GOAL OF THE EXERCISE: Each record here should be printed again exactly; please leave its pictures out.

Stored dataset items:
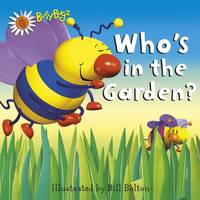Who's in the Garden - BusyBugz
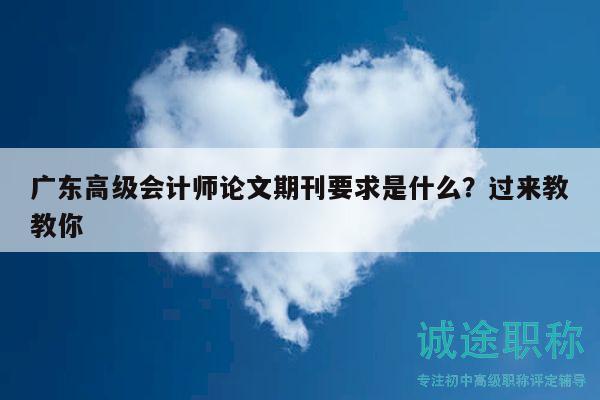 廣東高級會計師論文期刊要求是什么？過來教教你
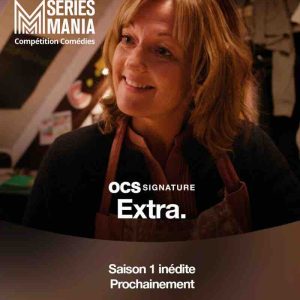Les Films du Cygne/ OCS Signature : «Extra.» sélectionnée à Séries Mania dans la compétition Comédies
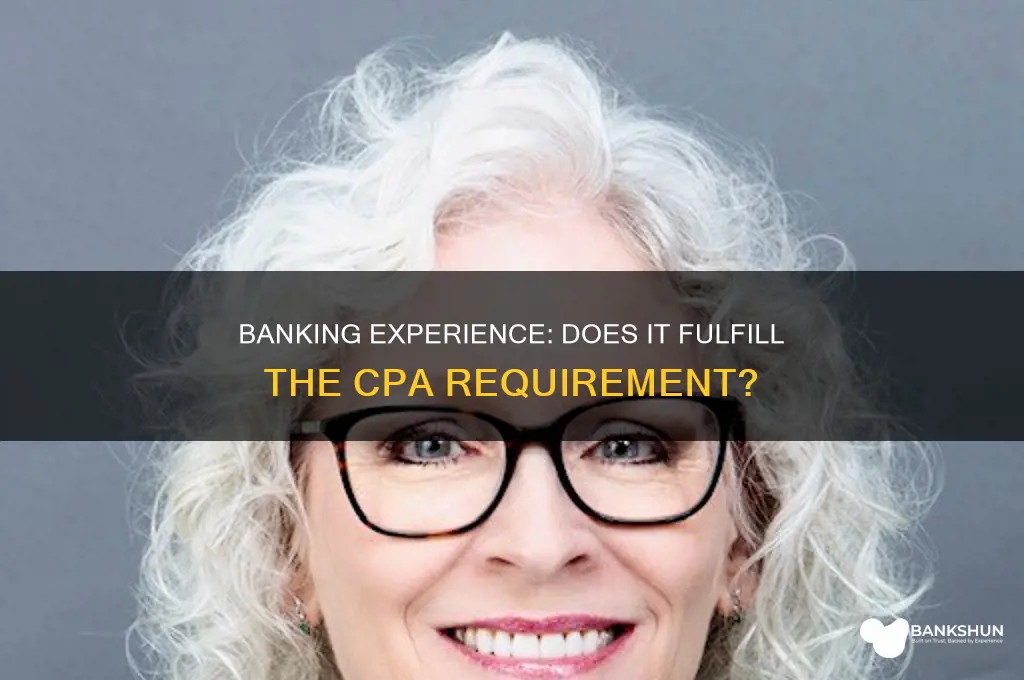does banking count for cpa experience requirement
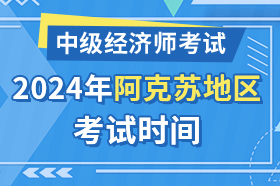 新疆阿克苏地区2024年中级经济师考试时间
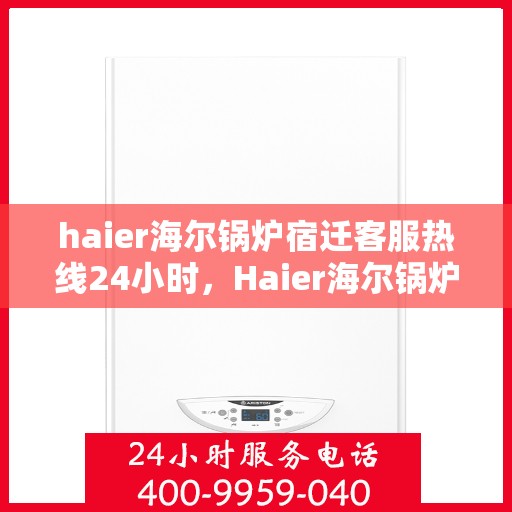 haier海尔锅炉宿迁客服热线24小时，Haier海尔锅炉宿迁全天候客服热线，贴心服务随时在线
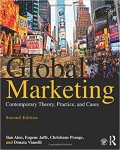 Global Marketing : contemporary theory, practice, and cases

SOLUTION:
Who's in the Garden - BusyBugz
 廣東高級會計師論文期刊要求是什么？過來教教你
Les Films du Cygne/ OCS Signature : «Extra.» sélectionnée à Séries Mania dans la compétition Comédies
does banking count for cpa experience requirement
 新疆阿克苏地区2024年中级经济师考试时间
 haier海尔锅炉宿迁客服热线24小时，Haier海尔锅炉宿迁全天候客服热线，贴心服务随时在线
 Global Marketing : contemporary theory, practice, and cases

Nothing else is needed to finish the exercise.